Dataset records:
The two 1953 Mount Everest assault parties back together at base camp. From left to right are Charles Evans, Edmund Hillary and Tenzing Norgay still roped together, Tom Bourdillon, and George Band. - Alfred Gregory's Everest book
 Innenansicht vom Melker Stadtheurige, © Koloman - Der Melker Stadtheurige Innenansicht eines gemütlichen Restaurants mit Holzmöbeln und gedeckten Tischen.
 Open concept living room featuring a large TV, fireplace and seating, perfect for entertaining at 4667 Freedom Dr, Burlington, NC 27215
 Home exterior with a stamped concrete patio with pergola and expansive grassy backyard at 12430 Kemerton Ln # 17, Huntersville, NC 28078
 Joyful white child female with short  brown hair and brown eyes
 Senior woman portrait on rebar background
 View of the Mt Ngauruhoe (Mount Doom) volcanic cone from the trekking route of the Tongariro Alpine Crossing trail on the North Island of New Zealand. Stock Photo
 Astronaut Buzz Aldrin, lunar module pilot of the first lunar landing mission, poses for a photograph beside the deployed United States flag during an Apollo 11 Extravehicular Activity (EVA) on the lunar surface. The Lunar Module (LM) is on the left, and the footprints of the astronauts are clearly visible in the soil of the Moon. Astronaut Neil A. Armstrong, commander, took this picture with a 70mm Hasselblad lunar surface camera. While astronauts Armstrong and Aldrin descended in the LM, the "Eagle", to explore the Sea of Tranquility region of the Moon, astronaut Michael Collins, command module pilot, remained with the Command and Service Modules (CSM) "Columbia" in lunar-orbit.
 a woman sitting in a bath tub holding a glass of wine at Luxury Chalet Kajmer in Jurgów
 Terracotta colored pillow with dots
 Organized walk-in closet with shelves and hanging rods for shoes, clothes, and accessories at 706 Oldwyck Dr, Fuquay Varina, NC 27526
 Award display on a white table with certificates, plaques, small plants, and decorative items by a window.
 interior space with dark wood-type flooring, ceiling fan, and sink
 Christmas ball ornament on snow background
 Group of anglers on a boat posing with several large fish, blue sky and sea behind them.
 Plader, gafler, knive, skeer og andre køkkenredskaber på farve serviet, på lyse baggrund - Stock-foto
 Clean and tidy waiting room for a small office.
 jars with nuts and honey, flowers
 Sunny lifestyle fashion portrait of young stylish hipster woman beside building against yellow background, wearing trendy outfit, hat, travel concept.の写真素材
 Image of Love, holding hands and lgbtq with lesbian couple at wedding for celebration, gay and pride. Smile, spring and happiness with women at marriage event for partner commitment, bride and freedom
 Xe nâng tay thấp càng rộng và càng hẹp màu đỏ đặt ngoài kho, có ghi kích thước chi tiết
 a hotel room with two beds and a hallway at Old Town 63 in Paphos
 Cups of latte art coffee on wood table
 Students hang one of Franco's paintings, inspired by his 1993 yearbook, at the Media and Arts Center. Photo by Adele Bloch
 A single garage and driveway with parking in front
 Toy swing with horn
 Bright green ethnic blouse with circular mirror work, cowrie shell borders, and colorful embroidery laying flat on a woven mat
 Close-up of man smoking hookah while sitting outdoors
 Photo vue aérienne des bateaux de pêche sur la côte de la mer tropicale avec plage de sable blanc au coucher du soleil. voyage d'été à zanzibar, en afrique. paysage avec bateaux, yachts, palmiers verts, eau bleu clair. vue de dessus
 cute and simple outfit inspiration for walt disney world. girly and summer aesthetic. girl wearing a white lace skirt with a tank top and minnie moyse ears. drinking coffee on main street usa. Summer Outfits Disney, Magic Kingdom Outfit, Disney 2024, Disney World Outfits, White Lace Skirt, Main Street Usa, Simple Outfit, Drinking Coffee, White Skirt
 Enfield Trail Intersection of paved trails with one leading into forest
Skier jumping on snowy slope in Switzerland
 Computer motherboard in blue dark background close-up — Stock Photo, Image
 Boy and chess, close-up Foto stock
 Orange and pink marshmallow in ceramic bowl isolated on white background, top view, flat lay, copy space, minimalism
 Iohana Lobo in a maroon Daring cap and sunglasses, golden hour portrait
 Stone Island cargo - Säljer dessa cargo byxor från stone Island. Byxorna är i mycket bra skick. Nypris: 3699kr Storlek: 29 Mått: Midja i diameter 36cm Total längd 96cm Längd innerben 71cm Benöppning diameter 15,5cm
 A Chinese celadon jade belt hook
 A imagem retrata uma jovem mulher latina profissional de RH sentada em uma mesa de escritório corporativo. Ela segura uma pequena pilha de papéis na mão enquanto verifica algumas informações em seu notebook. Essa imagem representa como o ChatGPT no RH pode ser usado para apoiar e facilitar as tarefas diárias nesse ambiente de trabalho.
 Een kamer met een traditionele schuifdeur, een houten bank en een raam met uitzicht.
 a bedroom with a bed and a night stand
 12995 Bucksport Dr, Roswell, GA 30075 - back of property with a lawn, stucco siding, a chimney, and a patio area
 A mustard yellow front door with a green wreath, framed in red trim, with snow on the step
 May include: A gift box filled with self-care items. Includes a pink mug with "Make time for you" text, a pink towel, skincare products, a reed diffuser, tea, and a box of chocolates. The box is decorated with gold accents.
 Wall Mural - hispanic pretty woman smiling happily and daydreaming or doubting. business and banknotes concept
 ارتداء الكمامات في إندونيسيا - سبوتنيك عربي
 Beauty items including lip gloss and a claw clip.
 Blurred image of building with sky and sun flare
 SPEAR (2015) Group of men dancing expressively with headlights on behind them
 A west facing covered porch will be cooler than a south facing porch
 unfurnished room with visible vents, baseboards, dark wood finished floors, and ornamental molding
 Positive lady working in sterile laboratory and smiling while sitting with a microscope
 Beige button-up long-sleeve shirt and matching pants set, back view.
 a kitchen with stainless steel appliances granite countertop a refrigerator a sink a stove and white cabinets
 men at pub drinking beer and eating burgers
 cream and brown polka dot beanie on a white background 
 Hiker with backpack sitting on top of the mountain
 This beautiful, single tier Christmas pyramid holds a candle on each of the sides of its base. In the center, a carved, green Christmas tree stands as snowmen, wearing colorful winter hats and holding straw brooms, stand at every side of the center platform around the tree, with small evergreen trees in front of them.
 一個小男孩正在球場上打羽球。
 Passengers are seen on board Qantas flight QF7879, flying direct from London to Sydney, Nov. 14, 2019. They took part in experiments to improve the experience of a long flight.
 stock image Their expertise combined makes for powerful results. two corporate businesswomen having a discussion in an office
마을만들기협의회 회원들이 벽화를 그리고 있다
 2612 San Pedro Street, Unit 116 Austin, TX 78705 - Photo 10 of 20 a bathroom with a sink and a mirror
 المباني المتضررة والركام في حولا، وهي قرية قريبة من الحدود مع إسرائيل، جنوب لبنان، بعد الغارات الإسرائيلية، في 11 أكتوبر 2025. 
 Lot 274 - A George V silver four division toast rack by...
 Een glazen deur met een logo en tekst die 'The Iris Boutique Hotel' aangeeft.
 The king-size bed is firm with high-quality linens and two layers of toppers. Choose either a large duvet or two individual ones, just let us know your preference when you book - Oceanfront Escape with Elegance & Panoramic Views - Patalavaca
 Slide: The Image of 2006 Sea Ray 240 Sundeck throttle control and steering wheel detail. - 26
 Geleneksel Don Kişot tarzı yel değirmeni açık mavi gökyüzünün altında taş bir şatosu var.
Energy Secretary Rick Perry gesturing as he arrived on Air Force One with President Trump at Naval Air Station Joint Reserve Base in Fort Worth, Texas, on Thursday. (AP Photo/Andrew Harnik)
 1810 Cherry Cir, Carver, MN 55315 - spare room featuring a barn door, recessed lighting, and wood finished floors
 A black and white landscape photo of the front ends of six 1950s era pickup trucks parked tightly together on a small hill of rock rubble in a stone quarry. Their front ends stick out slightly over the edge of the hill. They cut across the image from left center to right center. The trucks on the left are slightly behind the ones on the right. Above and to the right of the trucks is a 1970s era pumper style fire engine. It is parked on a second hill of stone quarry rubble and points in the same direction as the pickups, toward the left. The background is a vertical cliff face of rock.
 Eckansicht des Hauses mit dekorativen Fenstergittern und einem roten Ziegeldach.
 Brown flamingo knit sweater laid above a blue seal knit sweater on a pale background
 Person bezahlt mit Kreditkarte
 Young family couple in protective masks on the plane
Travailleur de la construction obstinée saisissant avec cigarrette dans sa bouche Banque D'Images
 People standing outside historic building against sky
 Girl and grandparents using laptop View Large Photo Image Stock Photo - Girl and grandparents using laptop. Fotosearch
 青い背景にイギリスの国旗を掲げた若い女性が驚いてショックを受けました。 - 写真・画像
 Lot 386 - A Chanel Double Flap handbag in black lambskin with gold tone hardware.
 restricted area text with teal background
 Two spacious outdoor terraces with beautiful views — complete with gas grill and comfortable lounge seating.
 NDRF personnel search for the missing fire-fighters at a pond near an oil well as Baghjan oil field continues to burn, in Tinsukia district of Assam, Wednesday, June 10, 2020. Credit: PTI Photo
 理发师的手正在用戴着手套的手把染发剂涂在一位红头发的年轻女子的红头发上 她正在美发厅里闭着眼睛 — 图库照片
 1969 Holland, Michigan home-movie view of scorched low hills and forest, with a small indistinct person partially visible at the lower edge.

Aim of the exercise: Wherever the word "flat" occurs in the data, copy that whole line.

Reply:
 Bright green ethnic blouse with circular mirror work, cowrie shell borders, and colorful embroidery laying flat on a woven mat
 Orange and pink marshmallow in ceramic bowl isolated on white background, top view, flat lay, copy space, minimalism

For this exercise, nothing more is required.